È vietato il trasferimento di contanti tra privati per importi pari o superiori a 2.500 euro, a meno che non intervenga un intermediario abilitato che monitori l’operazione. Questa regola, però, non impedisce né limita la possibilità che un privato prelevi o versi in banca somme superiori a quella soglia.
Questo principio, che scaturisce dall’articolo 49 del D.lgs. 231/2007, non deve essere stato ancora ben compreso perché molti lettori chiedono al forum di Telefisco perché, da quando è entrata in vigore la nuova normativa (articolo 2, comma 4 del Dl 138/2011), non è più possibile prelevare in banca somme superiori a 2.500 euro o – se anche possibile – il perché della richiesta di indicare il modo in cui saranno impiegate. Forse, allora, non è ancora chiara la portata della modifica e si confonde la normativa sull’uso del contante con la quella antiriciclaggio che questo uso controlla.
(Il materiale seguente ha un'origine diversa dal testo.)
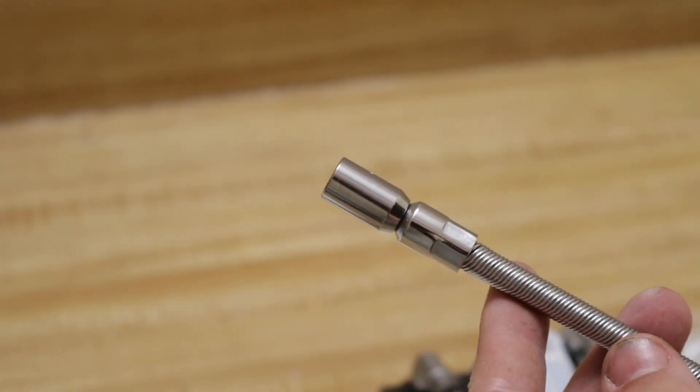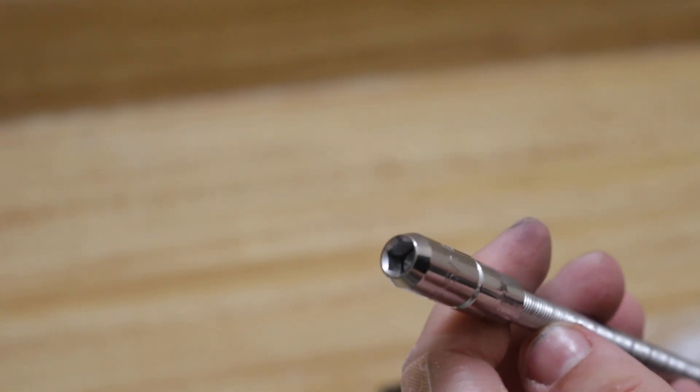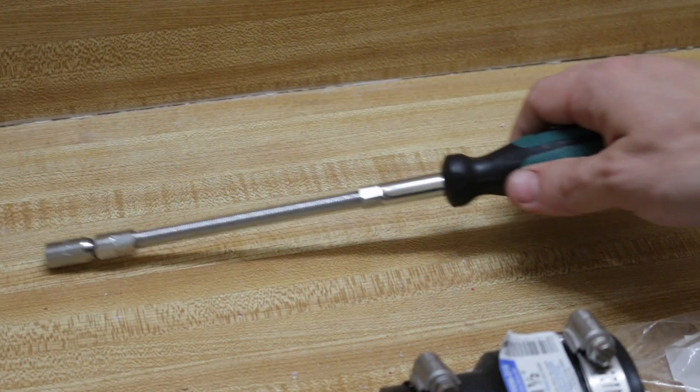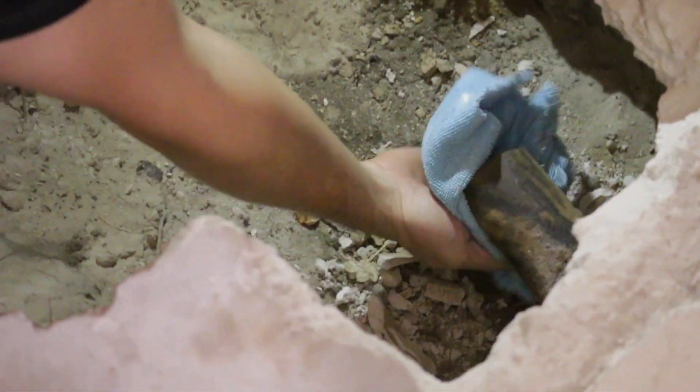This is a nut driver that I bought to tighten nuts on the clamps. As you can see, it's very flexible and it is a good tool to use within tight spaces.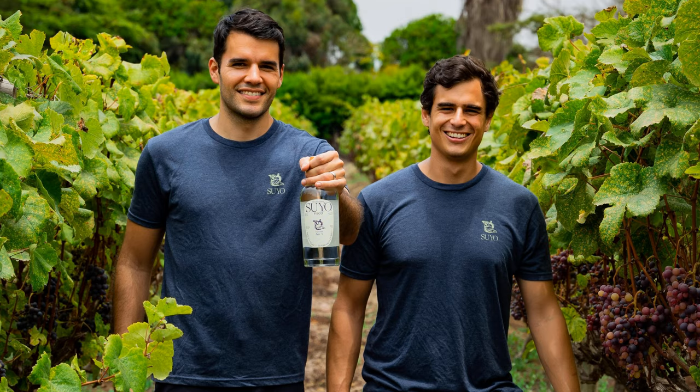Alex explains distribution: Suyo launched in the US in spring of this year, primarily in New York City and upstate New York, and is also available on and off-premise in California. For listeners around the country, the website is the best option. They recently partnered with Fiasco, a Brooklyn liquor store — co-owned by Ivy Mix, who appeared on the podcast a couple of years ago — which can ship nationwide. Clicking 'buy now' on Suyo's website takes you directly there.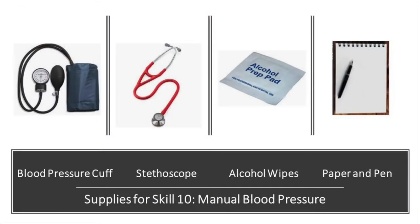Supplies for Skill 10, taking a manual blood pressure, include a blood pressure cuff, a stethoscope, alcohol wipes, and paper and pen to record results.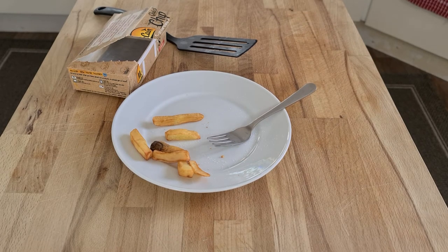Also want to say that in comparison to other microwave chips — like individually wrapped Fries to Go — this is way worse. There are fewer chips, they taste worse, and they're not crunchy. Just wanted to say that. Thank you.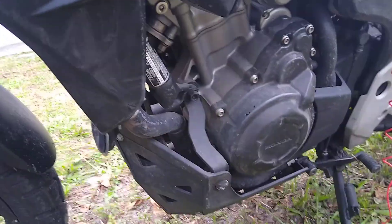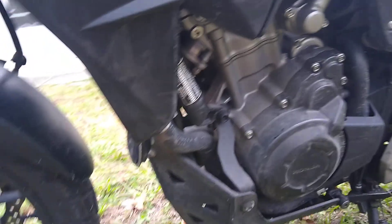But no problems with any of the bodywork, no mechanical issues whatsoever — nothing broken or bent, the shift lever, the foot peg, everything is all fine. Just a great bike, no problems. Fired right up once I got it stood up.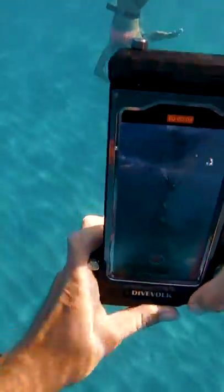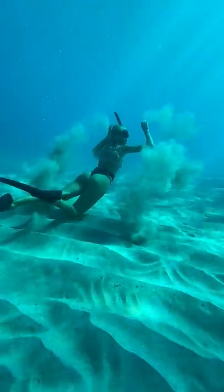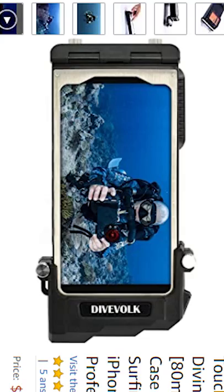I see a lot of videos for Amazon stuff here, and I thought it would be cool to do one for phone cases that let you take your phone deep underwater. I'm shooting this with my iPhone 30 feet deep underwater. This case is $35, and this one is $180.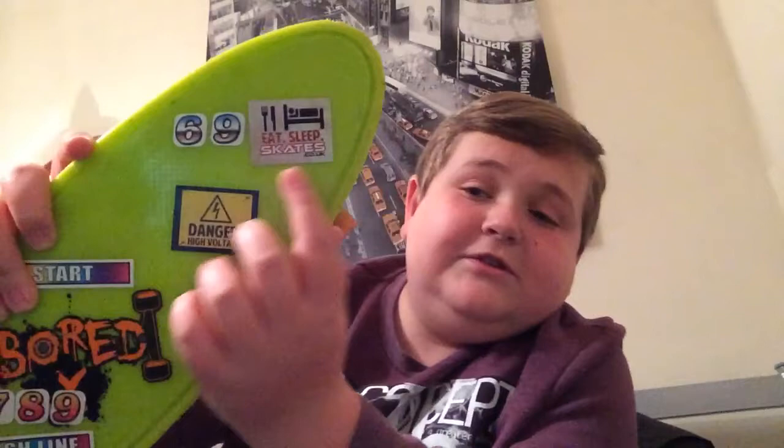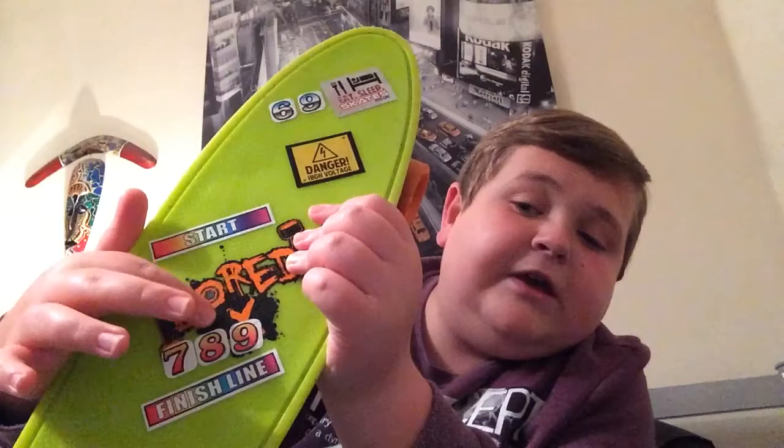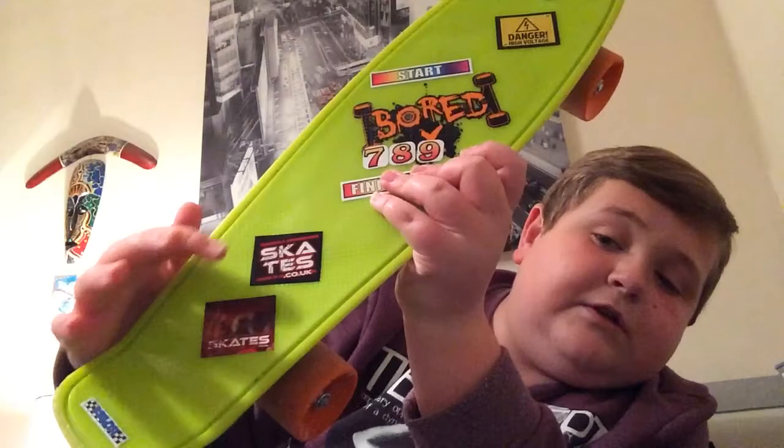I'm just going to move the camera back. We'll start from the front. On the front, they've put two skate stickers and it says 69. And then you've got that sticker, and another one going down — and at the bottom, where it says... what does that say? First place.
Con la modifica introdotta dall’articolo 49 del D.lgs. 231/07, è stata ridotta da 5mila a 2.500 euro la soglia che consente la libera circolazione del contante, l’emissione di assegni liberi, vale a dire senza clausola di non trasferibilità, e la tenuta di libretti al portatore. Così facendo, il legislatore ha risposto in modo diretto sia a finalità di antiriciclaggio che di contrasto a fenomeni di evasione fiscale. La modifica, però, non interviene, in alcun modo, sulla soglia di 15mila euro che, in caso di trasferimento di mezzi di pagamento, fa scattare gli obblighi antiriciclaggio di adeguata verifica (articolo 15 del D.lgs. 231/2007) ovvero più complessi obblighi di identificazione e registrazione delle singole operazioni.